12/28/2006

More narrative strategies

Kevin Levin is not entirely satisfied by my post on narrative strategies.

Anyway, let me take the opportunity that a new post provides to suggest some writings from rhetoritician Andrew Cline. (These tie in more closely with Elektradig's issues than with Kevin's, however).

Cline has long been concerned with the narrative strategies of journalists, but his points apply just as well to nonfiction writers in general.

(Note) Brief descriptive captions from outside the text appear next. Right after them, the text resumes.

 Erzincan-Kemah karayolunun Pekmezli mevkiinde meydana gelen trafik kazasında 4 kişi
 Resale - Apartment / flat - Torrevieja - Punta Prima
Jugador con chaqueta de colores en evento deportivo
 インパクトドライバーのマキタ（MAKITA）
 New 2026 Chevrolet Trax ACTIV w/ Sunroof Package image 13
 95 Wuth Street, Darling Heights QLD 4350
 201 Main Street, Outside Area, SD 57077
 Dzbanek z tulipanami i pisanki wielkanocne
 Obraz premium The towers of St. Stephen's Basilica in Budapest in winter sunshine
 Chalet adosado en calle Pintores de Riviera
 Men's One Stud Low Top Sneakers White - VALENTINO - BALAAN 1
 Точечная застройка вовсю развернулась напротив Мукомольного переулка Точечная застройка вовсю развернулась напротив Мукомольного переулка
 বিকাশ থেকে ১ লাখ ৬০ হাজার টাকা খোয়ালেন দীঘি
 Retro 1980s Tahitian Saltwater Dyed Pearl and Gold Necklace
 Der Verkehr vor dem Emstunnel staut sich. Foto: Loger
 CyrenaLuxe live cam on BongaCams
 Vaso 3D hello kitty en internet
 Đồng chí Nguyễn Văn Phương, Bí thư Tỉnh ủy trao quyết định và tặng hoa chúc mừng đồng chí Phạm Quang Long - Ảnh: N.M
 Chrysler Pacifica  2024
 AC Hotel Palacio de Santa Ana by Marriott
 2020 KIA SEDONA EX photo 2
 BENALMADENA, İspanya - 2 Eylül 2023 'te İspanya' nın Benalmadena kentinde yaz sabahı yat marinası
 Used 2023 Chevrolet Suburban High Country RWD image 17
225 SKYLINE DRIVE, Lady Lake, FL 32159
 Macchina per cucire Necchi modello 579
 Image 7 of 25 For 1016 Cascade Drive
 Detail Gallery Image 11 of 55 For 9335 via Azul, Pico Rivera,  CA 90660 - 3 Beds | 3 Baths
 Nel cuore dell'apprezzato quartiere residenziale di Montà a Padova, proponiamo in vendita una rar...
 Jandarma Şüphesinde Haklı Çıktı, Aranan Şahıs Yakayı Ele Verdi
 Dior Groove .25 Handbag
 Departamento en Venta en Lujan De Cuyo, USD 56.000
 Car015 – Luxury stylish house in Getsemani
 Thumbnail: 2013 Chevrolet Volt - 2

For instance, I think that this passage speaks to the difference between (h)istorian and the (H)istorian:
The story journalism tells is always the story of the context (the rhetorical situation) of journalism. As long as it constructs, structures, and mediates the stories of others, those others will always feel their contexts have been lost or ignored.
Those with historic sensibility (generally not pop historians) feel deeply for those others. Let me make this easier with a rephrasing:
The story that narrative history tells is always the story of the context (the rhetorical situation) of narrative history.
Thus, plot line; protagonist; character development arc; struggle; these imperatives structure the information conveyed transforming it out of the realm of history into the realm of literature. We are not reading the story of events per se but the story of narrative structure and linear, chronological presentation.

Note too that there are only a limited number of story structures that work for pop history, further distorting the mirror of events. We'll look at those soon.